Blue Jeans tells the story of young Daniela ‘Blue Jeans’ Anselmi (Gloria Guida), a free-spirited drifter who makes her way in life by selling sexual favors and practicing petty-crime. After Daniela is arrested, and discovered to still be a minor, the man who might be her long-lost father is called into her life to look after her.

Even though she was one of the most distinctive and charismatic film stars that came out of seventies Italian Cinema, Gloria Guida has never quite gained the following in the United States that she has deserved. A big part of this is due to the fact that her film work has never had the type of exposure to English-language audiences as the work of say an Edwige Fenech or Laura Antonelli. The majority of the films Guida shot throughout the seventies have simply never found a home video release on disc in America or Britain.

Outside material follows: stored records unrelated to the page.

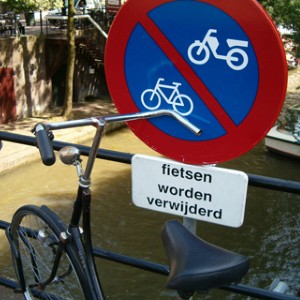 Fietsenrekken aan brug, fietsen blijven staan.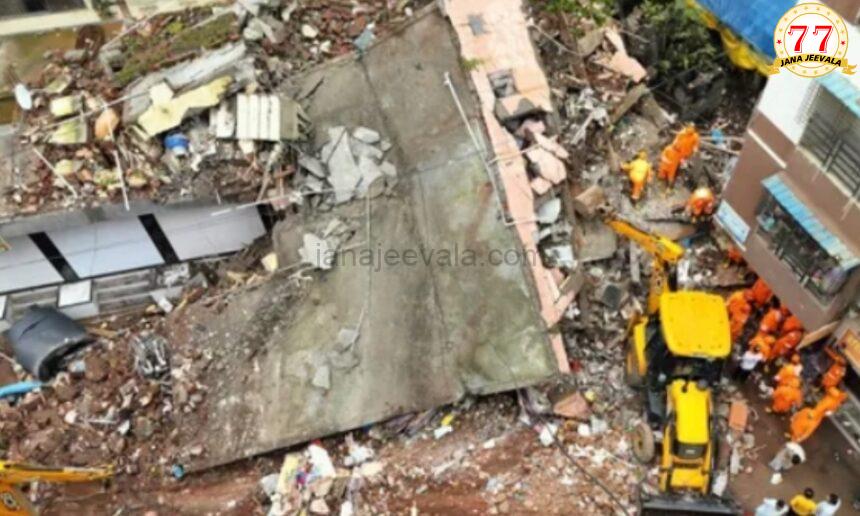 ನಸುಕಿನಲ್ಲಿ ನವಿ ಮುಂಬೈಯಲ್ಲಿ ಕುಸಿದು ಬಿದ್ದ ಕಟ್ಟಡ : ಹಲವರು ಸಿಲುಕಿರುವ ಶಂಕೆ ನಸುಕಿನಲ್ಲಿ ನವಿ ಮುಂಬೈಯಲ್ಲಿ ಕುಸಿದು ಬಿದ್ದ ಕಟ್ಟಡ : ಹಲವರು ಸಿಲುಕಿರುವ ಶಂಕೆ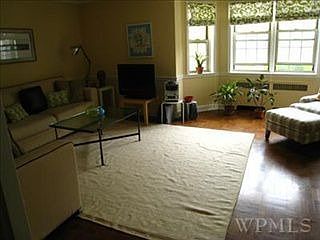 4th image of 1 Chateaux Cir APT 1A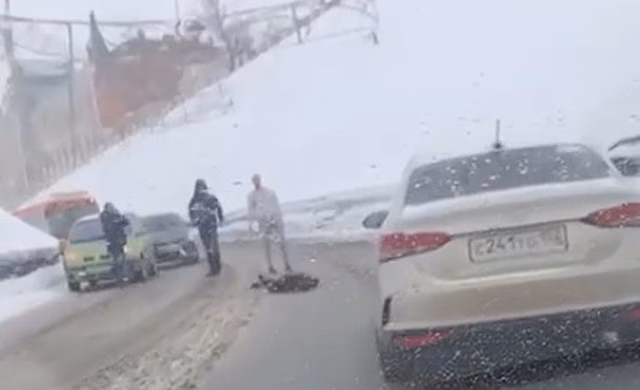 Нижегородка, упавшая с моста на Зеленском съезде, осталась жива
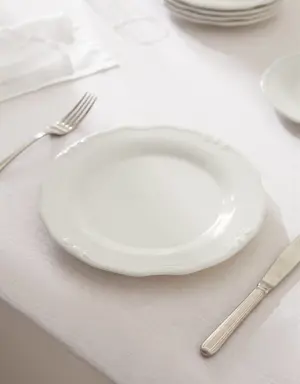 Porcelain romantic flat plate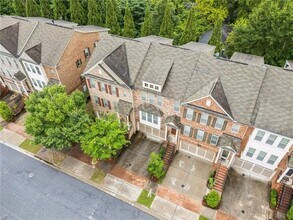 1514 Woodbridge Way NE in Atlanta, GA - Foto de edificio - Building Photo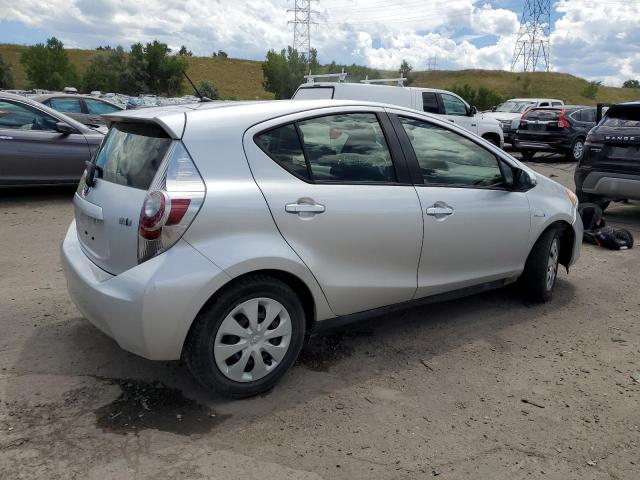 Photo 2 VIN: JTDKDTB36E1569667 - TOYOTA PRIUS C 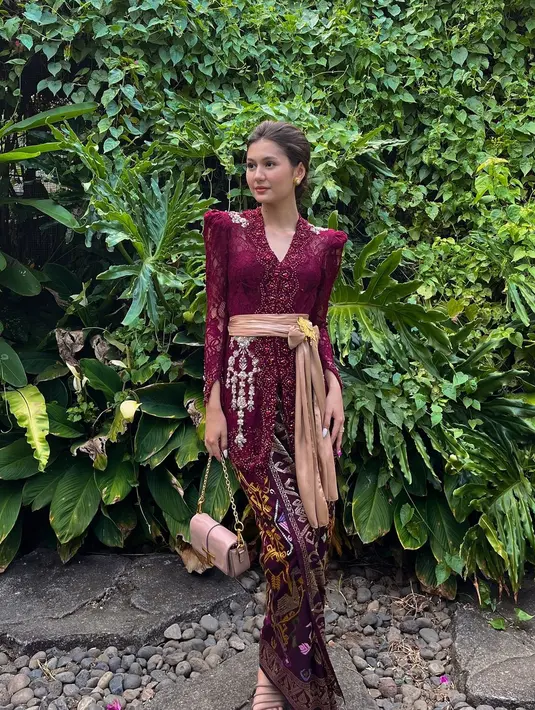 Dengan gaya anggun dan sopan, Zoe Abbas Jackson berhasil memukau banyak orang, sekaligus menunjukkan bahwa kecantikan Indonesia dapat diekspresikan melalui pakaian adat yang kaya makna dan budaya. [@zoeabbasjackson].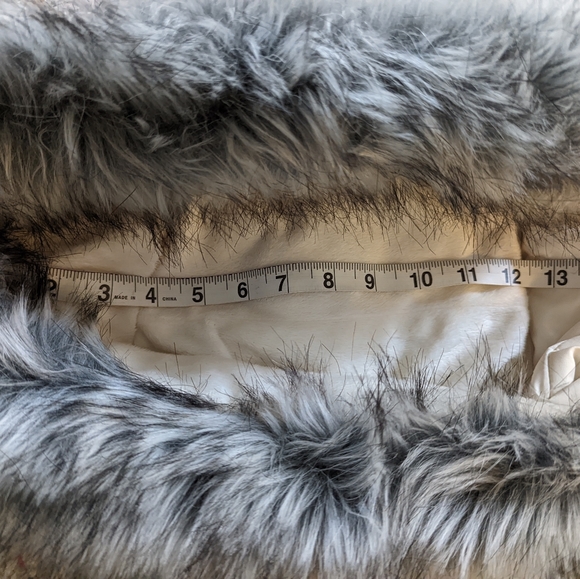 Like New INTL d.e.t.a.i.l.s White Longer Winter Coat Sz XL - Picture 14 of 16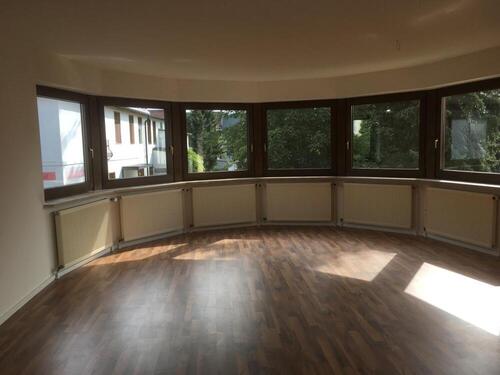 Wohnzimmer-Fenster - 4 Zimmer Etagenwohnung zur Miete in Hof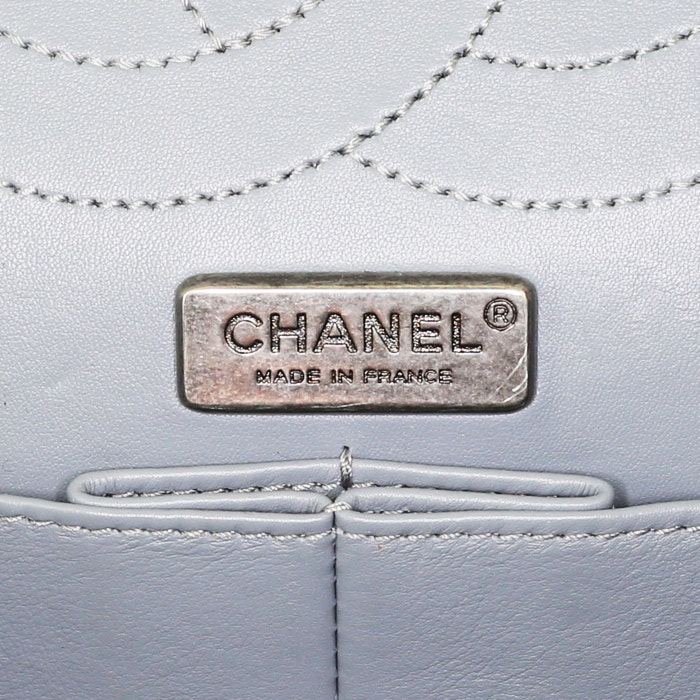 Chanel 2.55 handbag in grey python - Detail D4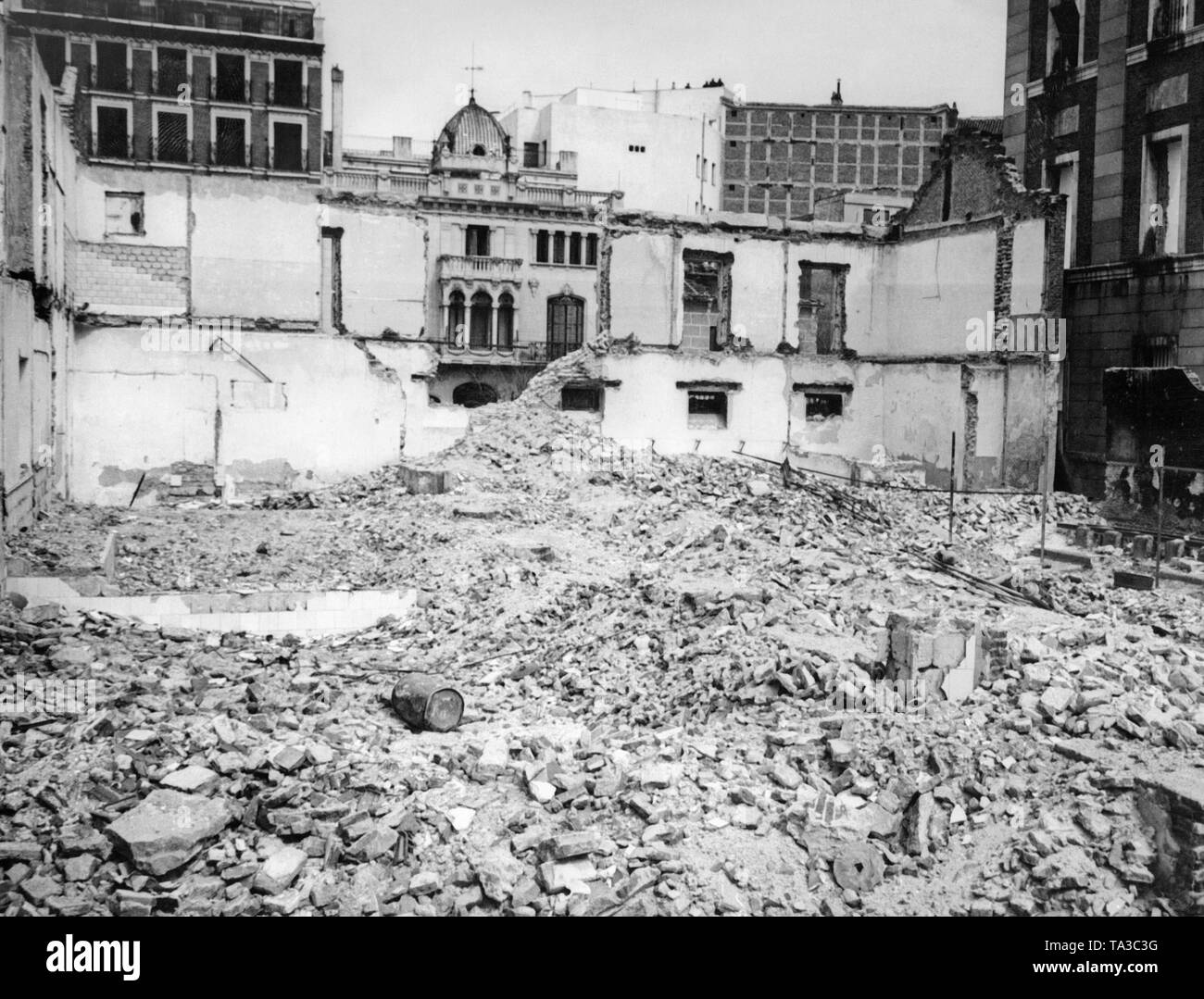 Blick auf das völlig zerstörte Kasernen" Cuartel de la Montana" in der Calle de Segovia, südlich der Königliche Palast, Pricipe Pio in Madrid, Spanien, 1936. Der Coup des spanischen Nationalen Fraktion unter der Führung von General Francisco Franco im Spanischen Bürgerkrieg begann von der Kaserne. Trotz eines heftigen Bombardierung, die Truppen waren in der Lage, ein paar Tage hier zu verbringen. Stockfoto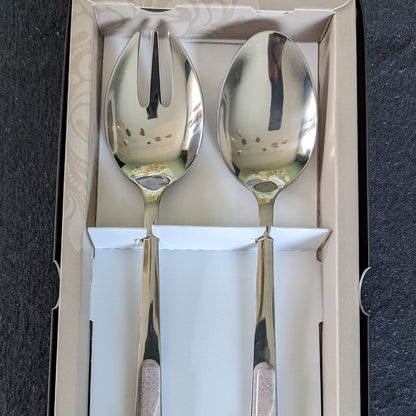 set à salade est présenté dans une boite, Cette grande cuillère et sa fourchette seront idéales pour servir vos salades.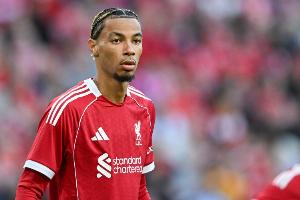 英超首秀贡献传射，埃基蒂克是利物浦队史第二人&amp;第一是努涅斯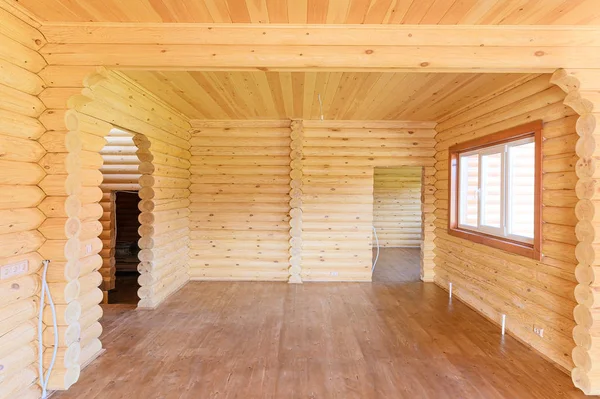 Rusya, Moskova... 10 Eylül 2019: İç mekan dairesi modern, parlak, rahat atmosfer. Tahta elementlerle güzel tasarımcı kır evi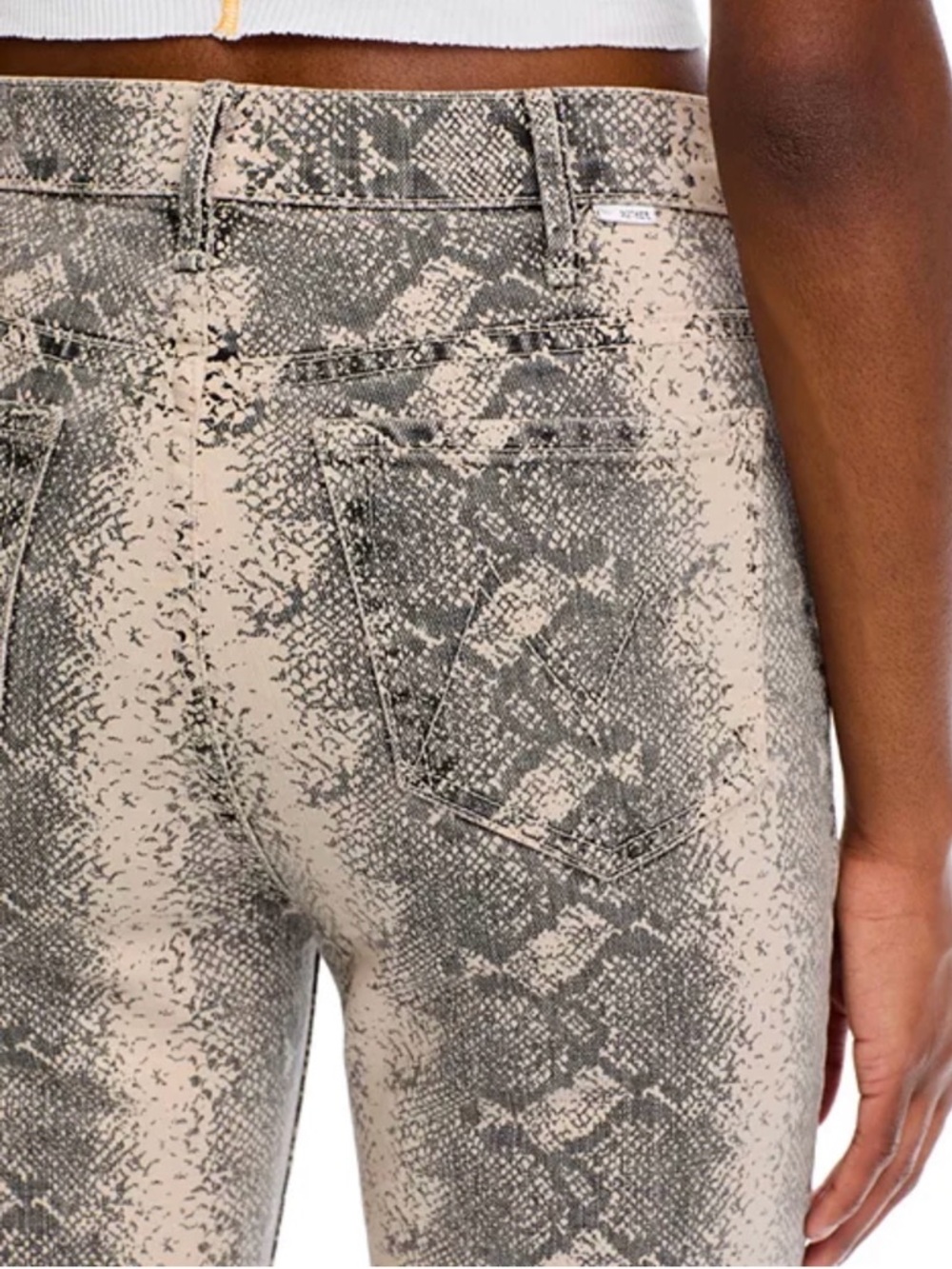 NWT MOTHER "The Hustler" Flood jeans in the "Boa Babe" snake print 27 - Picture 16 of 16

A key work in Gloria Guida’s elusive filmography is her fourth feature, Blue Jeans, released in Europe in 1975 just about a year after Guida had been crowned Miss Teen Italy. Guida was just 18 when she shot the admittedly uneven, but mildly entertaining, Blue Jeans with director Mario Imperoli, the filmmaker who had introduced her to film audiences with the very popular Monika in 1974. Italian audiences had responded immediately to Imperoli’s sexy blonde discovery and by the time she reunited with the director again for Blue Jeans, Guida already had another two hits on her resume (Silvio Amadio’s La minorenne and Giuliano Biagetti’s La novizia).

Absolutely perfect for the sexy comedies that Italians were flocking to throughout the seventies, Gloria Guida was one of the most charming actors that came to fame in the commedia erotica all’italiana genre. Standing in clear contrast to her darkly sensual Italian peers, Guida was all sex and sunshine and she had the absolute perfect face, figure and openness for the Sex Comedies that she became famous for. Guida was also very funny and had a wonderfully sweet quality about her that gave even her more explicit films an oddly innocent feel, and a director who absolutely recognized this special quality was Mario Imperoli.

Born in Rome in 1931, Imperoli broke into the Italian film industry in the early seventies as a producer and writer and his discovery of Gloria Guida, and the subsequent films he shot with her, would turn out to be his most noteworthy cinematic achievement. With only 8 films to his credit as a director, Imperoli would sadly pass away in 1977, Monika and Blue Jeans gained the most notoriety, mostly due to the stunning young leading lady he had introduced to the film world.

Blue Jeans is a slight film that is only fitfully funny but it is never less than compulsively watchable thanks to Guida, who appears in nearly every scene of the film (that she easily steals from all of her more experienced costars including Paolo Carlini as her bumbling father). Featuring a delightfully breezy score by the legendary Nico Fidenco and some truly gorgeous color photography by future Dario Argento cinematographer Romano Albani, Blue Jeans is finally mostly just a showcase for Guida and her considerable physical charms (Imperoli all but abandons his already thin narrative throughout the film with fetish-like closeups of Guida’s long muscular legs and shapely behind). If the film is perhaps more memorable than it should be it is probably due to the peverse and violent final act that seems taken from another work entirely.